Complexity Theory, Relativity and The Theory of Everything

Contents

1 The Results
2 Larger Data
3 The Take-aways:

This week’s guest post is by Matthew Butler, who shows us some insights about how the relationship between complexity and performance can be less than obvious in multiple ways. Matthew is a systems architect and software engineer developing systems for physics research, network security, law enforcement and the Department of Defense. He primarily works in C/C++ and Modern C++ and can be found on Twitter.

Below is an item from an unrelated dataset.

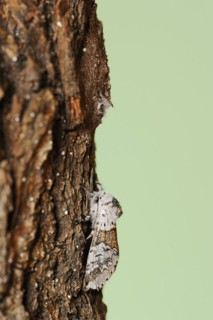 Sallow kitten moth (Furcula furcula), freshly hatched butterfly and cocoon, North Rhine-Westphalia,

There’s a story that’s been told for years about Jon Bentley (Programming Pearls, Addison-Wesley, 1986) coming excitedly into Bjarne Stroustrup’s office one day and posing a problem to him:

“Insert a sequence of random integers into a sorted sequence, then remove those elements one by one as determined by a random sequence of positions. Do you use a vector or a linked list?”

I’m not sure if this is a true story or even if it even happened that way, but it brings up an interesting point about algorithm complexity and data structures.

If we analyze the problem from a strict complexity viewpoint, linked lists should easily beat arrays. Randomly inserting into a linked list is O(1) for the insertion and O(n) for finding the correct location. Randomly inserting into an array is O(n) for the insertion and O(n) for finding the correct location. Removal is similar.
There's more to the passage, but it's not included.